Why is it so Hard to Get Telecom and Cloud Services Implemented?

Every shift in technology brings challenges along with the potential for big benefits — and the adoption of telecom and cloud services is no exception. While telecommunication services are one of the largest spending categories for most organizations, it’s also one of the most complex and poorly managed. Often collaboration between IT and telecom departments and sourcing has been a low priority in most organizations. Complicated and ever-changing network, broadband, and cloud services have also contributed to overspending, overlapping contracts, and services that don’t meet business requirements. A lack of visibility into suppliers and carriers and what makes up the company’s telecom and cloud framework can also lead to companies experiencing delays and encountering problems when new services are added.

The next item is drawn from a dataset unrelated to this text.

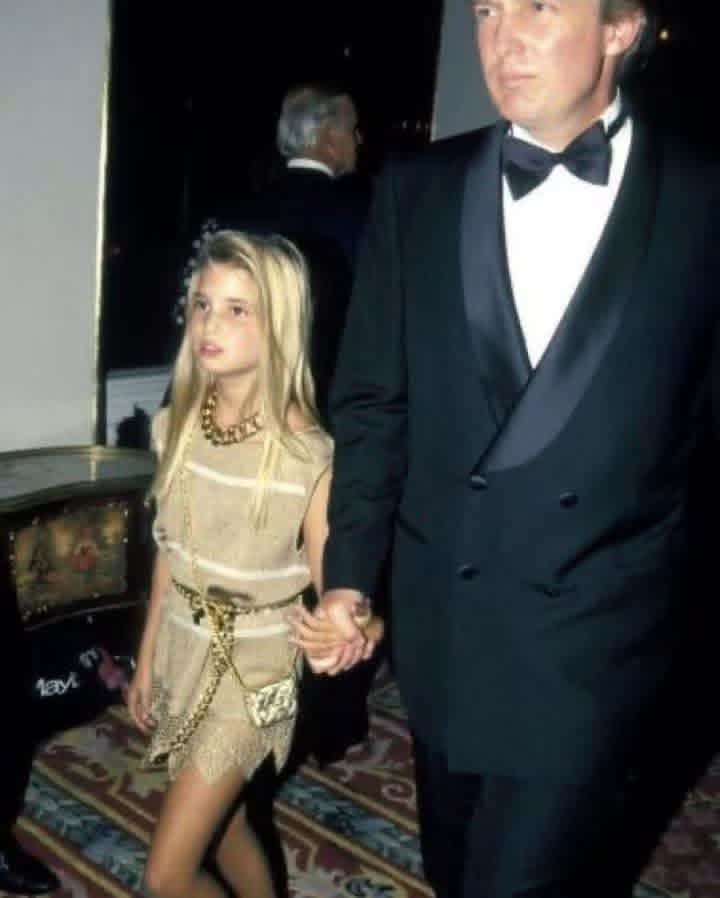 MakeupFreya's tweet photo. Is she ivanka? Her daughter or someone else? https://t.co/Nx5pqvNl5I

To avoid these challenges, leading organizations are turning to telecom and cloud service experts for help. At Telapprise, we help companies avoid these missteps and provide services that span the entire gamut of a telecom and cloud service implementation. We start by delivering strategic sourcing to help teams analyze contracts and spending across their IT portfolio. Then, we provide guidance and support to help facilitate the implementation and adoption of those new services. Let’s dive into why it’s so hard to get telecom and cloud services implemented correctly and explore how to avoid these pitfalls.

Services intersect – There are more vendors, carriers, and suppliers than ever before

Today it’s extremely rare for organizations to engage with just one or two vendors and carriers to meet all of their telecom and IT needs. Here at Telapprise, our average client has more than a dozen vendors to manage. That equates to a dozen contracts – all with different end dates – and a dozen customer service reps, account managers, and invoices to juggle. For ongoing management of these services, that can be more than a full-time job. Initiating new services requires even more sourcing knowledge, scheduling, and project management responsibilities.

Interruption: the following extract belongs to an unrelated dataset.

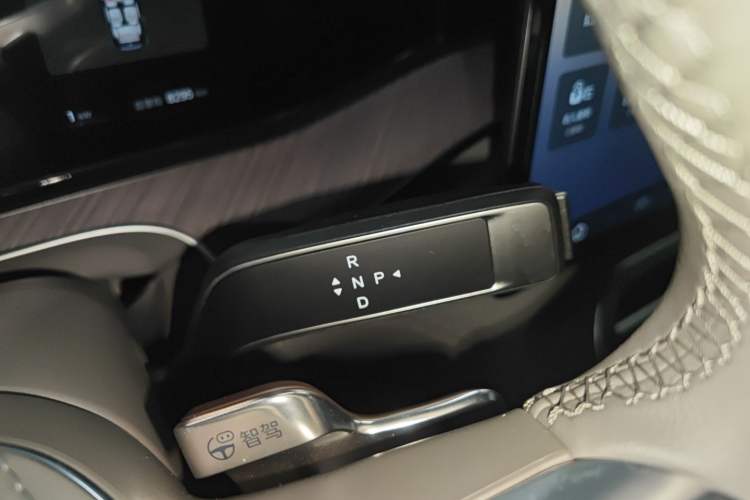 Used Denza N9 2025 Flagship Model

For instance, let’s say a company is making changes to their WAN and internet connectivity to support the acquisition of a new company. In this example, the organization may need to dramatically increase bandwidth, add VPN services, centralize controls for firewall and web-filtering, and move to a site-to-site model, away from a hub-and-spoke model. The company might also require SD-WAN to help prioritize and route traffic and ensure connectivity at the branch location with the addition of MPLS circuits, and  4G LTE. This seemingly straightforward ‘WAN adjustment and implementation’ actually intersects across several technologies and business areas. Moving forward with making changes to WAN services requires coordination with multiple vendors and carriers to fulfill business requirements and outfit primary and secondary broadband networks.

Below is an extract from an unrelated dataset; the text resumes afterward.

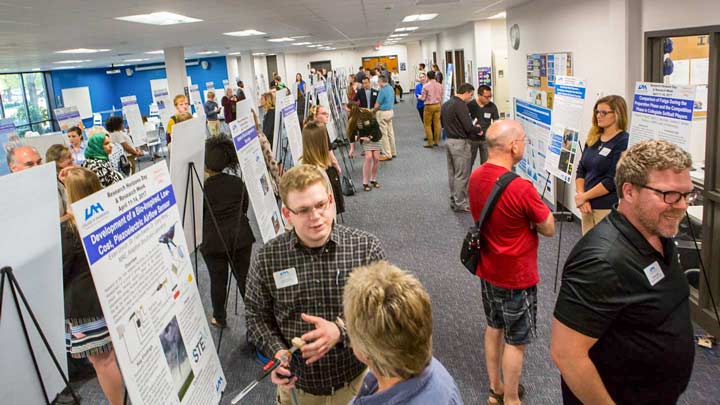 Research Horizons Day and Research Week focus on student discoveries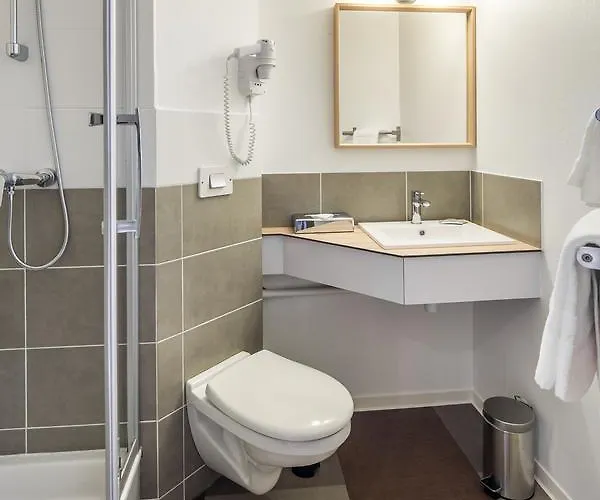 Carre Pau Airport Hotel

A lean technology bench and teams that are overloaded

We’ve all heard about the squeeze on technology talent today. A recent survey sponsored by Capgemini and LinkedIn bring this technology skills gap into focus even further. Their findings revealed that over half (54%) of the organizations agreed that the digital talent gap is hampering their digital transformation programs and that their organization has lost competitive advantage because of a shortage of digital talent (Source: Capgemini and LinkedIn). Building a skilled technology bench that covers the spectrum and includes project managers, network engineers, database admins, data analysts, web and Internet of Things (IoT) experts, and more, is very challenging and is often cost prohibitive. However, during an IT service implementation, not having the right resources in place can be very expensive as well. It can lead to overlooking red flags that lead to supplier delays and missed deadlines, purchasing duplicate and unnecessary services, quality of service issues or service gaps, to name a few. To avoid these missteps, there are alternatives to sourcing talent in-house. Telapprise provides a strategic team with the right digital skills and telecom knowledge to move forward with an in-depth implementation strategy. Our team works with each supplier, carrier, and provider to ensure that all responsibilities are maintained and each site receives the service required by the appropriate deadlines. Our project managers and technology specialists also ensure that services that are being discontinued are disconnected competently without any incorrect invoices or bills.

Bringing it all together

When it comes to deploying voice and data services, mobility services, WAN and internet connectivity, Unified Communication as a Service (UCaaS) or other cloud services, there are many hurdles to face. While challenges around cloud and telecom services will remain, many barriers can be eliminated by working with a skilled partner. An experienced telecom and IT expert on your side not only provides a single point of contact to deal with multiple vendors, suppliers, and carriers, it also means you dramatically cut the risks involved and optimize your spend. A partnered approach can mean the difference between missing a critical deadline or overspending and ensuring continuity of service across your entire IT environment.